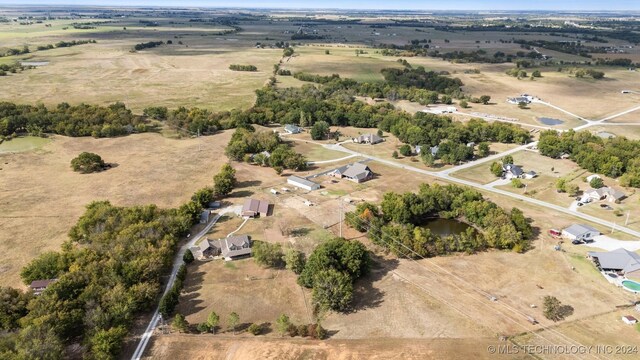 aerial view with a rural view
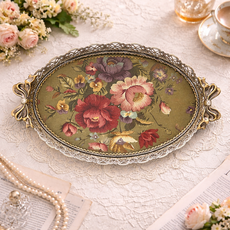 데일리데코 신주 리본큐빅 엔틱풍 쟁반, 쟁반-소-직원형, 1개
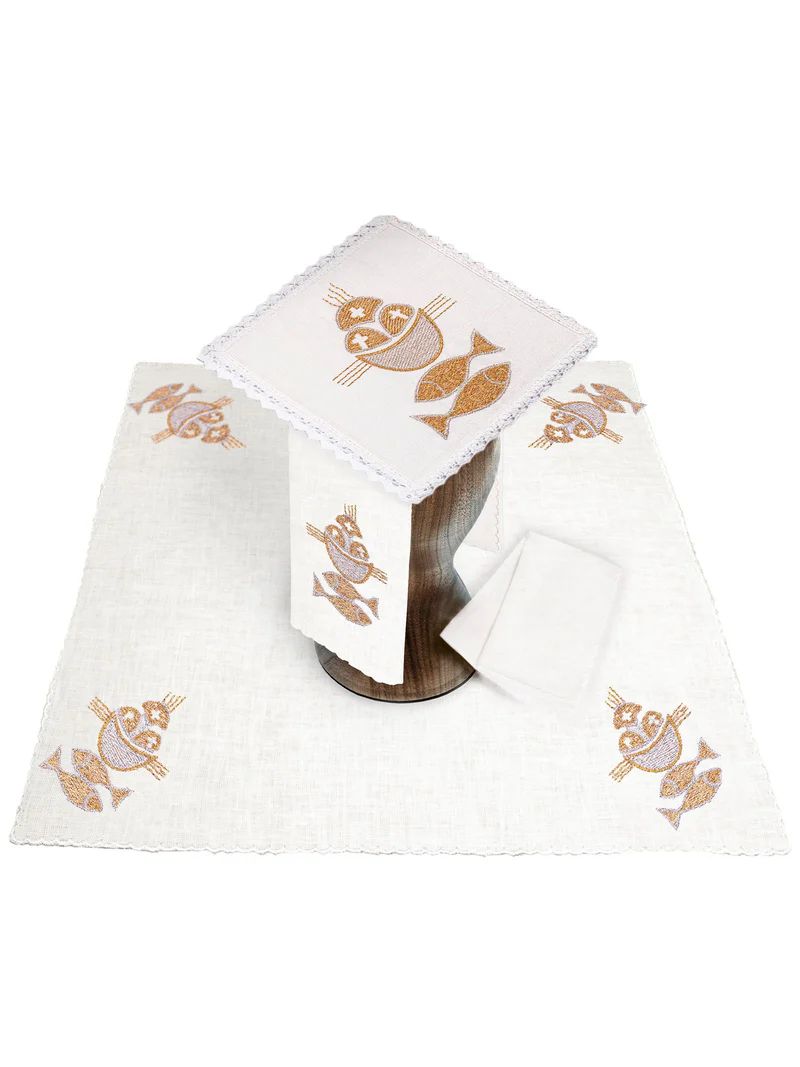 Bielizna kielichowa, lniana, haft ryby (124H) - Zestawy lniane - Nowość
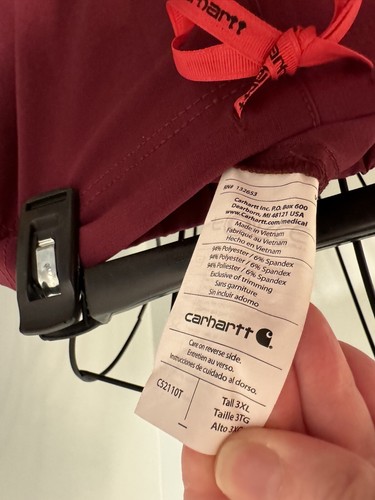 NEW CARHARTT WOMEN'S Force Boot Cut Cargo scrub bottoms pants wine 3X 3XL Tall - Picture 7 of 12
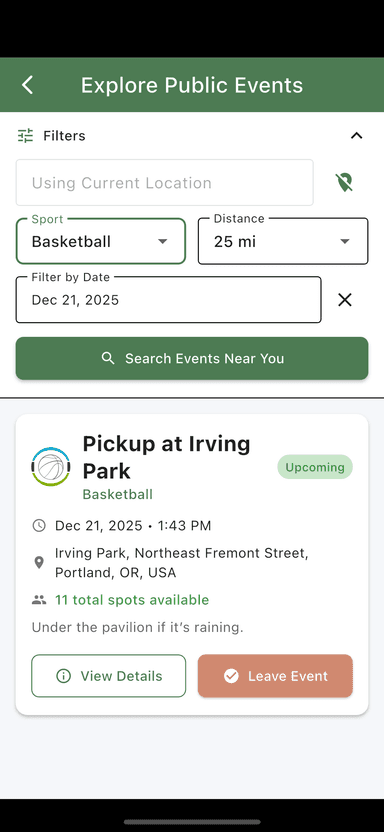 Find Pickup Games Screen
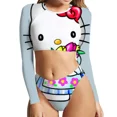 thumbnail image 1 of Hello Kitty Anime Print Sexy Slim Split Bikini Swimsuit for Women, 1 of 9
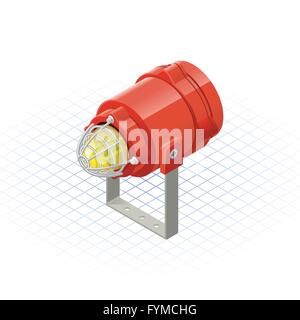 Isometric Beacon a Safety Equipment Vector Illustration Stock Vector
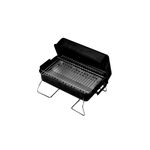 Barbacoa a carbón de mesa 10 pulgadas negro Char-Broil, vista abierta con parrilla metálica y patas plegables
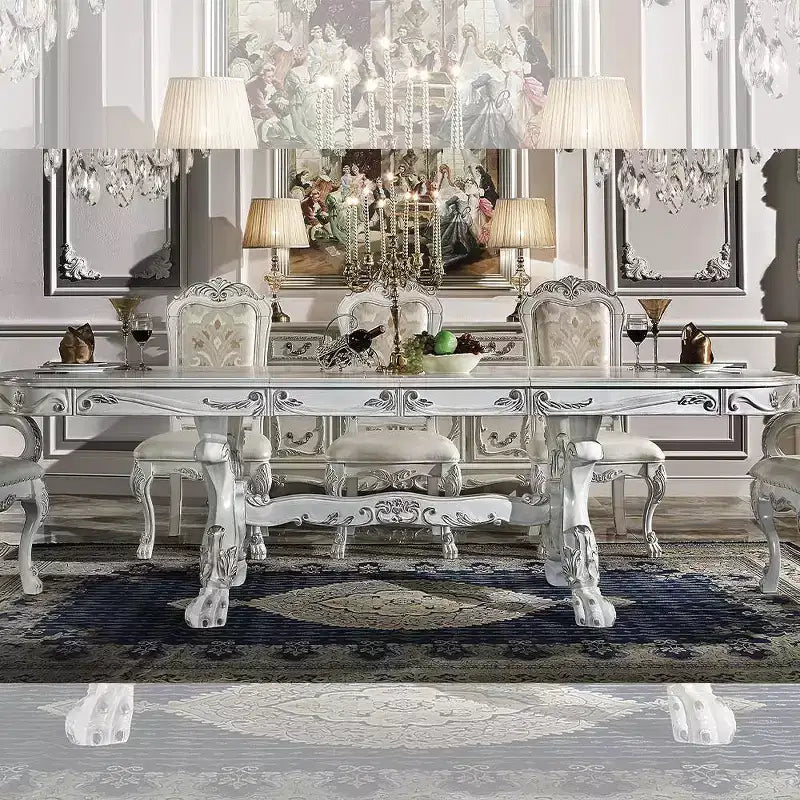 Large Rectangular Dining Table, Bone White Finish, Seats 8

→ **PROBLEM TO WORK ON**
The line holding "데일리데코 신주 리본큐빅 엔틱풍 쟁반, 쟁반-소-직원형, 1개" starts the copy and the line holding "thumbnail image 1" ends it. Repeat those two lines above and all between them exactly, leaving out pictures.

→ **ANSWER TO THE EXERCISE**
 데일리데코 신주 리본큐빅 엔틱풍 쟁반, 쟁반-소-직원형, 1개
 Bielizna kielichowa, lniana, haft ryby (124H) - Zestawy lniane - Nowość
 NEW CARHARTT WOMEN'S Force Boot Cut Cargo scrub bottoms pants wine 3X 3XL Tall - Picture 7 of 12
 Find Pickup Games Screen
 thumbnail image 1 of Hello Kitty Anime Print Sexy Slim Split Bikini Swimsuit for Women, 1 of 9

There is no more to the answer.